J.K Rowling’s “Harry Potter” series has become a phenomenon since the books initial release and as a result sitting here and divulging unto you the plot would be a waste of mine and your time. Needless to say, the lightning scarred and baggy trousered Potter (Daniel Radcliffe) is heading to Hogwarts for the first time and he will meet new friends in the form of Ron Weasley (Rupert Grint) and Hermione Granger (Emma Watson) and we will see him face the horrors that wait within the mysterious wizarding world. Namely, the now infamous Lord Voldemort. The world hidden from muggle (Non-magic folk) view that all of its most interesting characters inhabit is rich with nuances that make it feel absurd and unique. I find myself craving most the taste of a real Bertie Bott’s every flavour bean, its been a dream of mine since I first began to ingest the mush my parents would feed me before I could walk.

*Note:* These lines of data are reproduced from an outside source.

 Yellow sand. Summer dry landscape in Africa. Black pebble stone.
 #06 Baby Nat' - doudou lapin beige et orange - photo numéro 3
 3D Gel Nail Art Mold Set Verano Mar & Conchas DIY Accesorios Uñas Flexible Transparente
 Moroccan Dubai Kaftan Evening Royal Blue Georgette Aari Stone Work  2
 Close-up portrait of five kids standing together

Figured if I couldn’t run away I wouldn’t mind, they thought wrong.

I’m inclined to call the Harry Potter series, at this stage, a much much lighter version of “The Lord of the Rings”. Its an epic franchise filled with a huge number of colourful and interesting characters, set within a fantastical world that has incredible vision and inherent tangibility. I find it impossible to imagine this not being something any member of the current generation would show to their children just as rite of passage. Who doesn’t love Emma Watson’s perfect overacting as Hermione Granger, or Robbie Coltrane’s intensely lovable performance as the less-than-tight-lipped Hagrid. There are even a few standouts, such as Rupert Grint with his charisma and boyish stupidity. Alan Rickman also shows himself to be the perfect choice for the disconcerting professor Snape, who’s motives are always shrouded in some dark mystery hinted towards with the way he hangs onto every word being fully aware of how he terrifies the students, and lavishing it.

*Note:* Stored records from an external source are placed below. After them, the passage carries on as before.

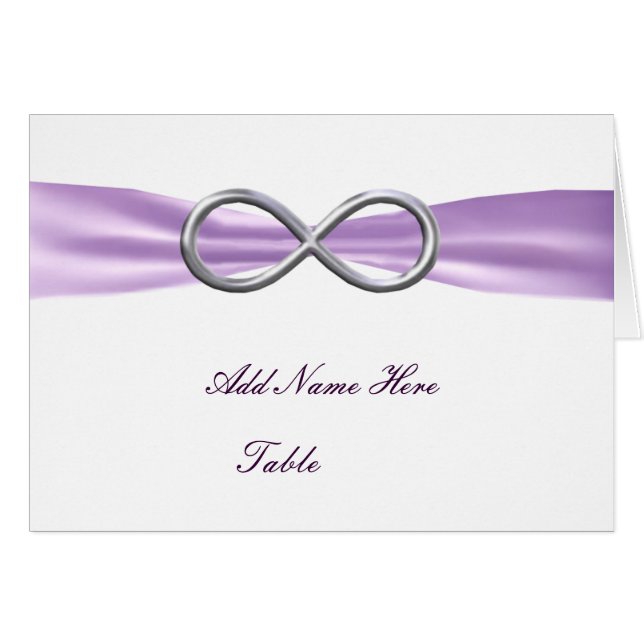 Cartão Lavender Infinity Wedding Table Place Card (Frente horizontal)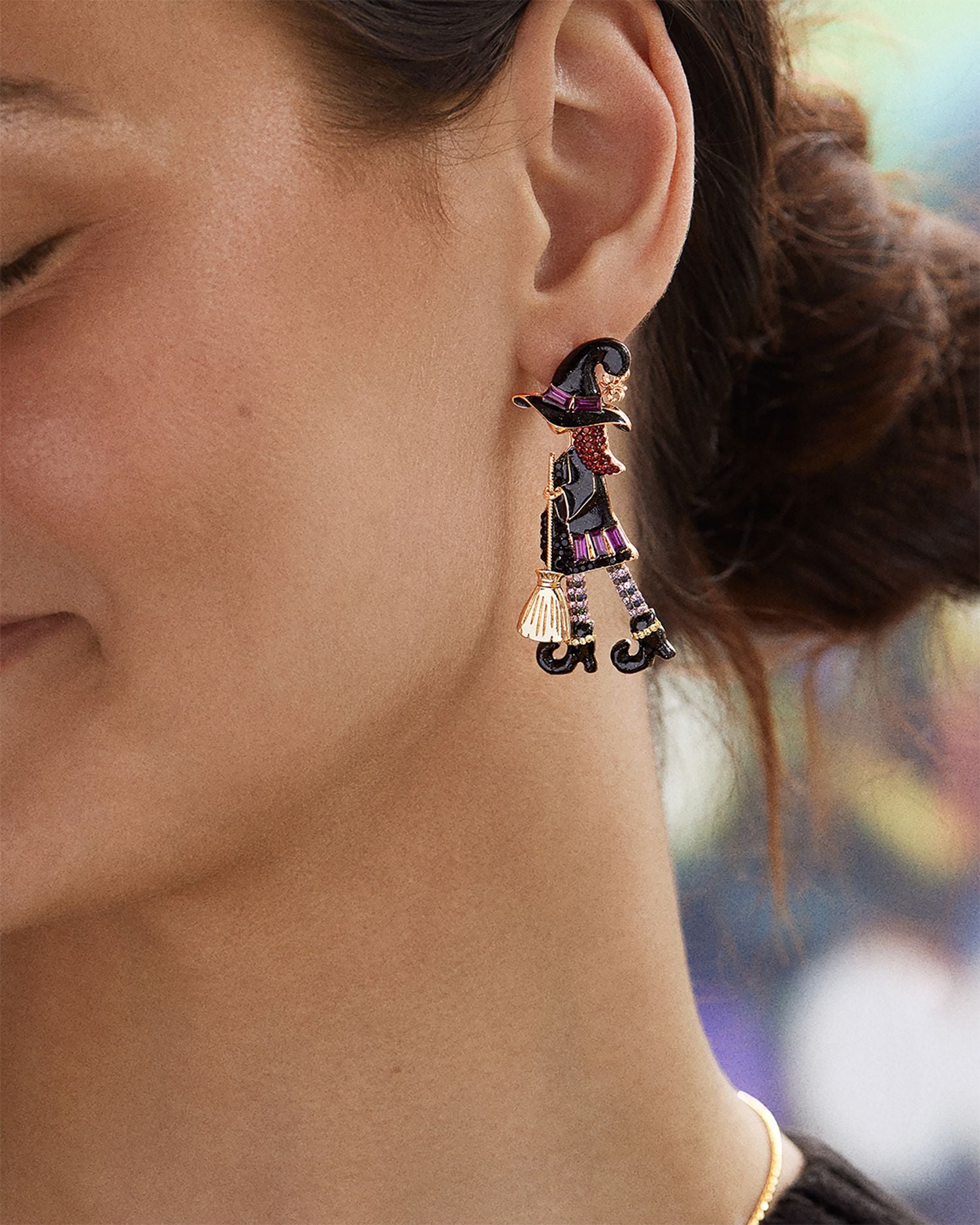 Spellcasting Sweetie Mixed Crystal Witch Drop Earrings in Gold Tone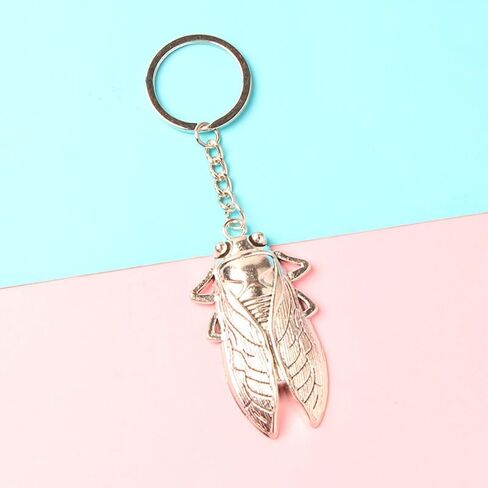 3 Pcs Cicada Keychain, Stylish Bag & Car Keychain Decor Accessory, Metal Insect Motif Key Ring for Daily Use in Kuwait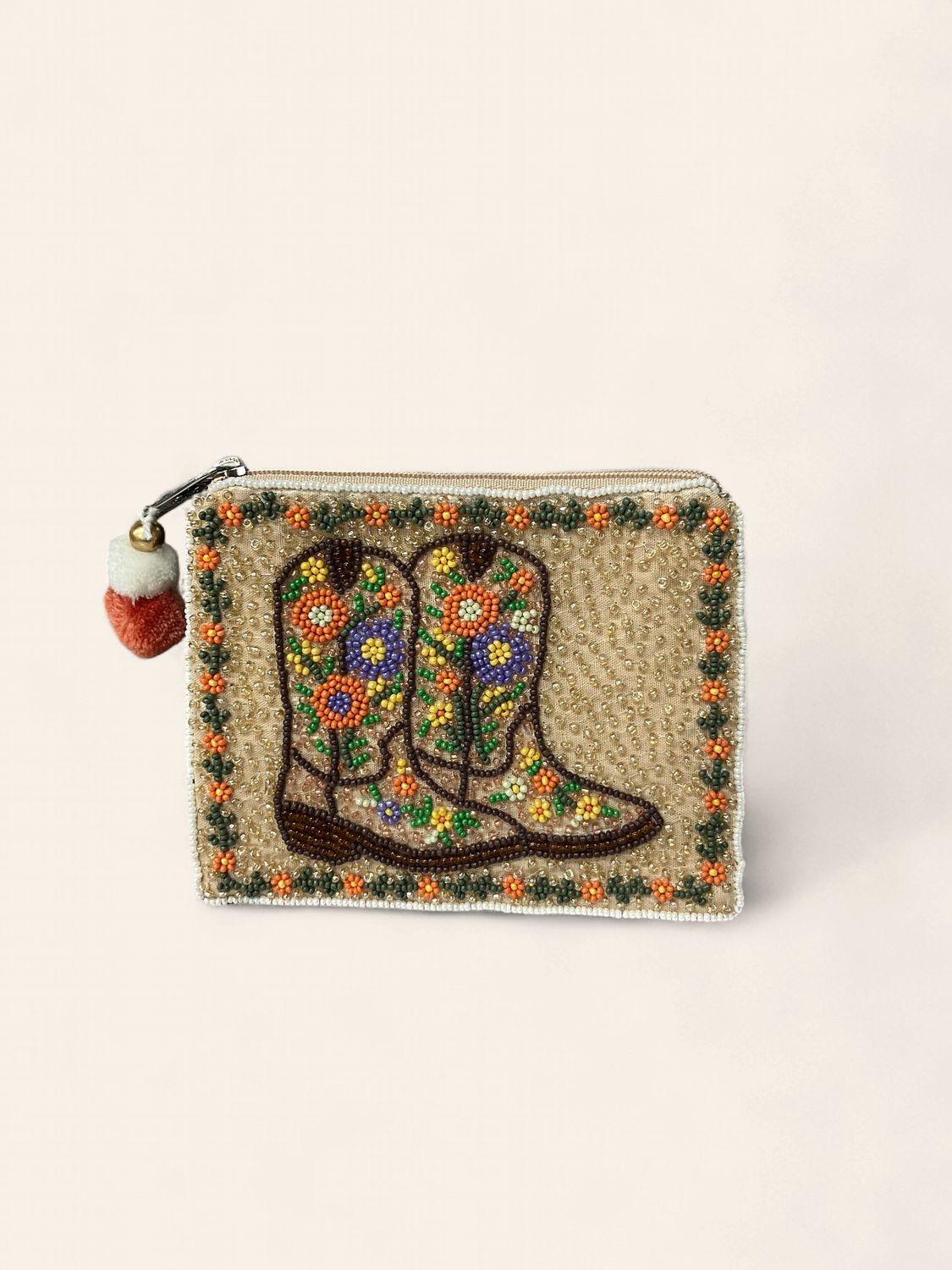 Garden Boots Beaded Pouch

It’s fascinating how quickly Chris Colombus moves through the story, you kind of don’t realise how fast he’s going. I like that he realises that we don’t actually want to see Harry Potter stuck with his “family” the Dursleys of Privet Drive for very long. Though, it would have been nice if the mystery behind who Harry is and what happened to his parents was kept under wraps for a little longer. That said I do appreciate the films willingness to get moving and I can certainly say that it would take genuine skill to find yourself wishing that it would just move a little faster. As a result of it’s almost clockwork approach to reaching each essential plot point of the book at an acceptable run time (of around 2 and a half hours) does lend itself to feeling like a grand adventure. The story actually takes place over an entire school year but it never ever feels that way. Colombus should be commended for how well he has managed to adapt a book into a movie without it feeling barebones or overlong, a balance is struck and I can certainly appreciate that.

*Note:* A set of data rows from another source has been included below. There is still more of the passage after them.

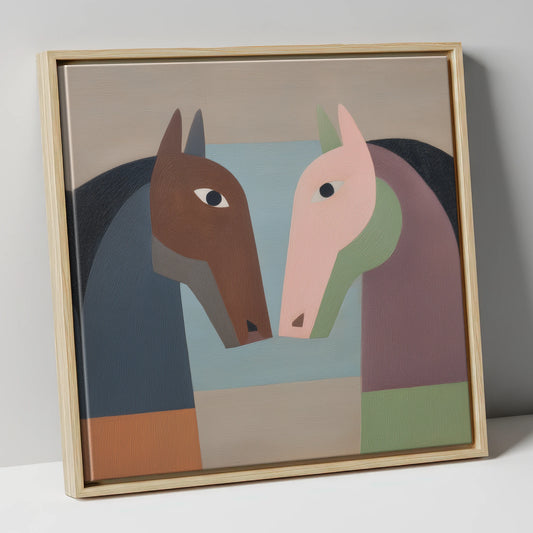 Structured Connection horse portrait canvas wall art in natural frame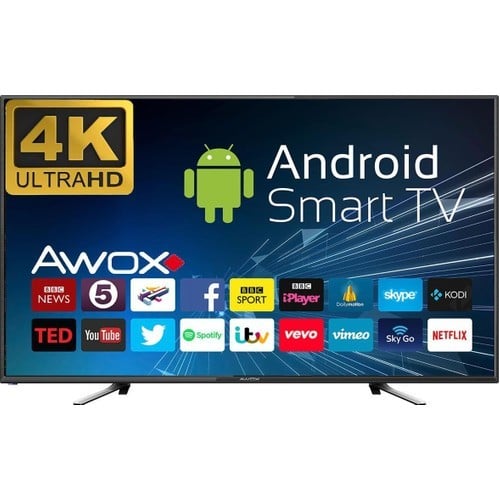 Televizyon, LED EkranAwox U5600STR 55'' 140 Ekran Uydu Alıcılı 4K Ultra HD Smart LED TV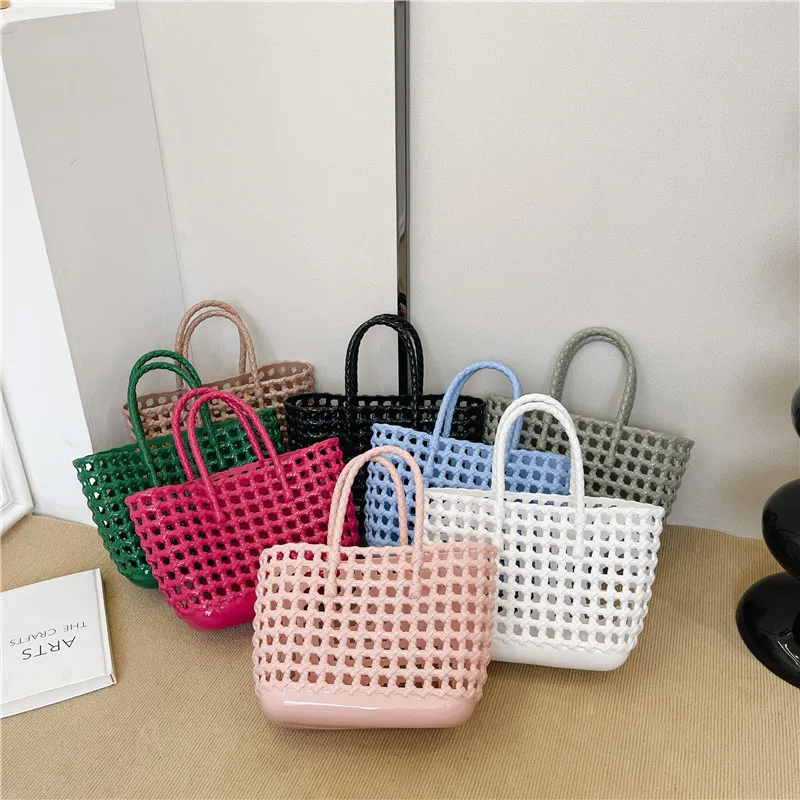 2024 New Vegetable Basket Summer Fashion PVC Handbag Hand Woven Bag Patchwork Striped Tote Beach Bags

While watching, it’s impossible to ignore the unfortunate over-use of Computer Generated Imagery. Unlike other movies coming out at this time that use CGI (Spider-Man) Harry Potter doesn’t use any of the trickery that these films use. You’ll notice in “Spider-Man” and perhaps more significantly “Jurassic Park”, which was of course the first movie to ever use CGI, that whatever was being animated would often be kept in the dark, at a significant distance from the camera or just be moving too fast for you to be able to clearly see the subjects true colours. “Harry Potter and the Philosopher’s Stone” turns characters into cartoons and allows you to see them clear as day. It removes the suspension of disbelief that is really essential for a movie with live chocolate frogs and banks run by goblins.
I’ll also admit that I did enjoy Emma Watson’s acting for Hermione despite the feeling that it might be the only role she was made for, Daniel Radclifffe as Harry Potter is another story. I feel  Radcliffe had one of the most successful spurts on film ever only because his face is arranged in a certain way and his hair is black. He looks the part but he is incredibly limited with what he can do with his perfectly arranged Potter-like face. I’d go as far as to say he feels like a side character especially when surrounded by what is essentially a talent show for British actors.

“Harry Potter” and “The Lord of the Rings” are our modern day “Star Wars” and “Indiana Jones”. As a starter into the world of Harry Potter, for younger audiences especially, “Harry Potter and the Philosopher’s Stone” is almost unparalleled and I look forward to the children growing up that will hopefully also buy into the myths that left a mark on us when we were kids.

I would have preferred it if the mark was shaped like a bolt of lightning… but I’ll take what I can get.